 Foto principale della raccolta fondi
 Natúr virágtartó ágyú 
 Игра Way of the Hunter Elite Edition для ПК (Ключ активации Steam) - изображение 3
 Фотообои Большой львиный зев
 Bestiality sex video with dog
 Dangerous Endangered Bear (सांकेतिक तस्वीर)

---

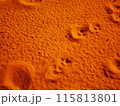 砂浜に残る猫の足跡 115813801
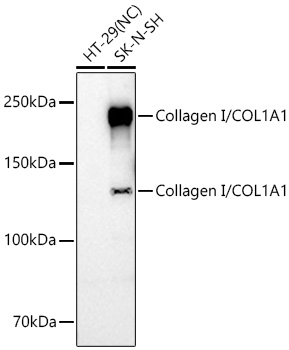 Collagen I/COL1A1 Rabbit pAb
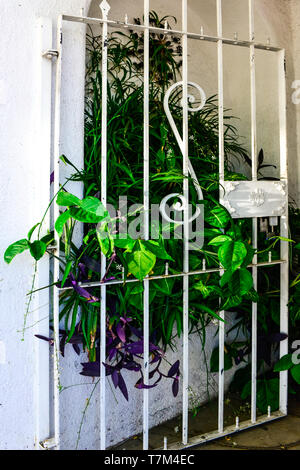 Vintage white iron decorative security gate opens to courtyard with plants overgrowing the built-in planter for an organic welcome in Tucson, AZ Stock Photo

**WHAT TO WORK ON**:
Out of the listing above, reproduce exactly the lines from the one with "Bestiality sex video with dog" up to and including the one with "Dangerous Endangered Bear (सांकेतिक तस्वीर)".

**ANSWER**:
 Bestiality sex video with dog
 Dangerous Endangered Bear (सांकेतिक तस्वीर)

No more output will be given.